Costume designers Joy Cretton and Mirren Gordon-Crozier do wonderful work with the film‘s clothes where it‘s mostly casual to play into the world the characters live in. Sound designer Onalee Blank and co-sound editor Braden Spencer do superb work with the film‘s sound from the way things sound at the facility as well as some of the places outside of the facility. The film’s music by Joel P West is terrific as it’s mostly a mixture of indie-folk and ambient music to play into some of the drama that occurs in the film.
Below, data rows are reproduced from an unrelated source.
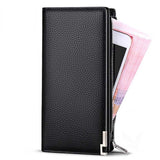 Men's Leather Wallet with Multiple Card Slots and Zipper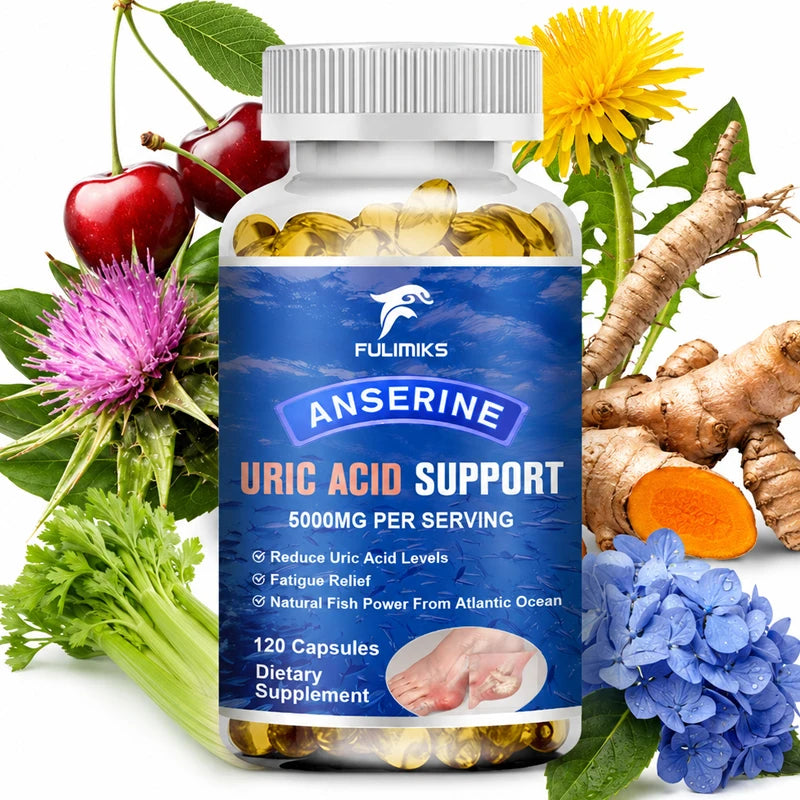 Uric Acid Cleanse Supplement – Tart Cherry & Turmeric | 120ct Dietary Supplement Qst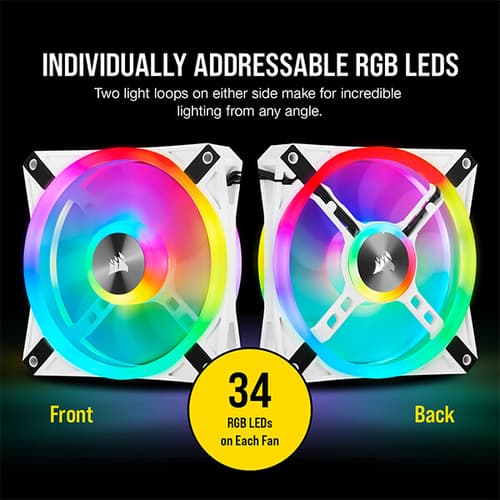 Corsair ICUE QL120 RGB White Cabinet Fan (Triple-Pack)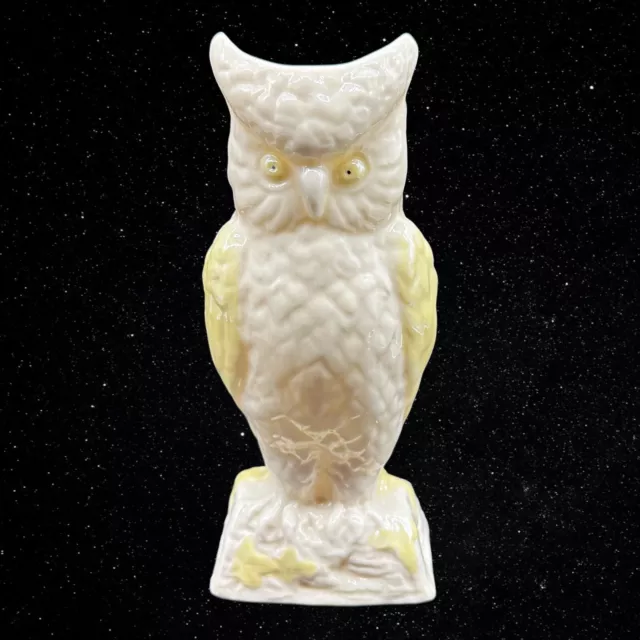 Belleek Ireland White Great Horned Owl Gold Wings Porcelain Vase 8”T 2.5”W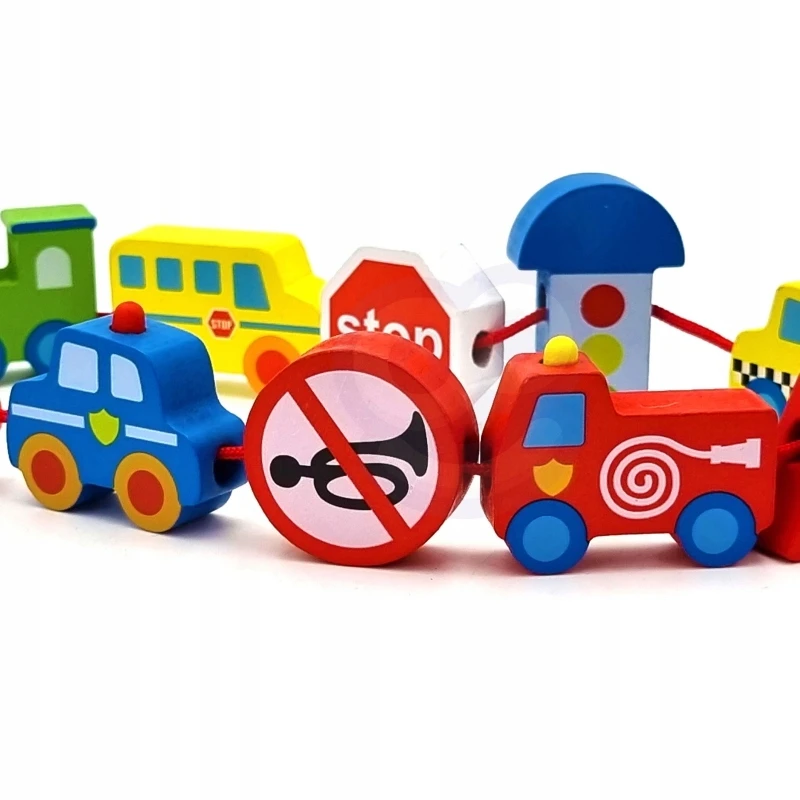 WOOPIE Medinės Klockiai Suvyniojimo Transporto Priemonės 13 vnt.
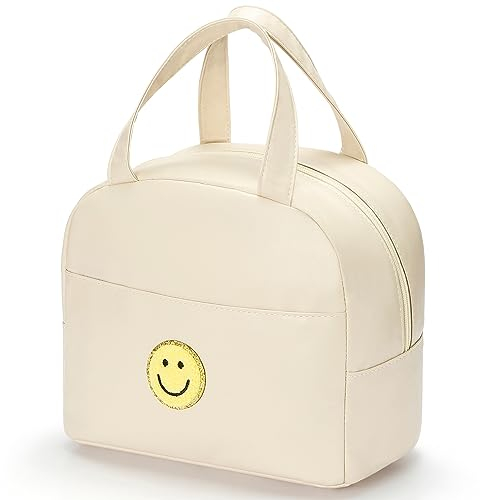 POETIC WREATH Lunchtasche für Damen, groß, isolierte Box, wiederverwendbare Tragetasche mit adretter Tasche, weiches Leder, Lunchbag, Arbeit, Picknick, Reisen (weiß)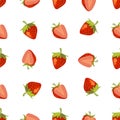 Red vector strawberries seamless pattern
The casting by Kerry Barden, Rich Delia, and Paul Schnee is brilliant as it features some notable small roles from Diana-Maria Riva as a nurse Grace meets early in the film, Frantz Turner as Grace and Mason’s boss, Lydia Du Veaux as a young orphaned girl named Kendra, Alex Calloway as the boy Sammy who constantly runs away and likes to play with small dolls, Kevin Hernandez as the teenager Luis, Stephanie Beatriz as the supervisor Jessica, and Melora Walters as Grace’s therapist Dr. Hendler. Keith Stanfield is excellent as the 17-year old Marcus who is reluctantly to leave the facility as he starts to lash out. Rami Malek is terrific as the new facility worker Nate who is trying to learn how things work where he eventually connects with the kids through a very simple act.

Kaitlyn Dever is fantastic as the troubled teenage girl Jayden who didn’t want to go to the facility as she would act out and only express herself through her drawings where she would find someone to talk to in Grace. John Gallagher Jr. is superb as Mason as a fellow supervisor who always talk to the kids as he’s always got something funny to say as he is very close to Marcus whom he can be very trusting to. Finally, there’s Brie Larson in an absolutely phenomenal performance as Grace where Larson puts in a lot of energy as well as emotional weight to a young woman who understands these young kids as she can talk to them while dealing with her own issues as it’s really a total break-out performance for Larson.

Short Term 12 is a remarkable film from Destin Daniel Cretton that features a tremendous break-out performance from Brie Larson. Along with an excellent supporting cast and strong stories about taking of care of orphaned children. It’s a film that explores a world where children can confide in people who know what they’re going through as they reveal that some adults have a hard time figuring things out as well. In the end, Short Term 12 is a sensational film from Destin Daniel Cretton.

© thevoid99 2014

6 comments:

Brittani Burnham said...

Great review! I want to see this soooooooooooooooooooooooooo badly. I've had it at the top of my Netflix queue forever, and I keep getting skipped over because it's on "very long wait." I swear I'm going to find the person who's hoarding this DVD and punch them in the face.

thevoid99 said...

I don't have Netflix and don't plan on using it. I just did what others do which is to look for torrents and download the film. That's what I did.

Brittani Burnham said...

I'm so afraid of downloading torrents. That has totally bitten me in the ass in the past.

thevoid99 said...

@Brittani-do you have anti-virus? I would recommend Norton 360. That's what I use as it's helped me deal with bad torrents and such.

Dan Heaton said...

As you know, I'm also a big fan of Short Term 12, and you do a great job summarizing why it works so well. It's a contained story in terms of the setting yet feels so essential and powerful.

thevoid99 said...

@Dan Heaton-It was a big surprise in how real it was but also in the fact that everyone was pretty natural as well as giving some truth about how children are in tough situations.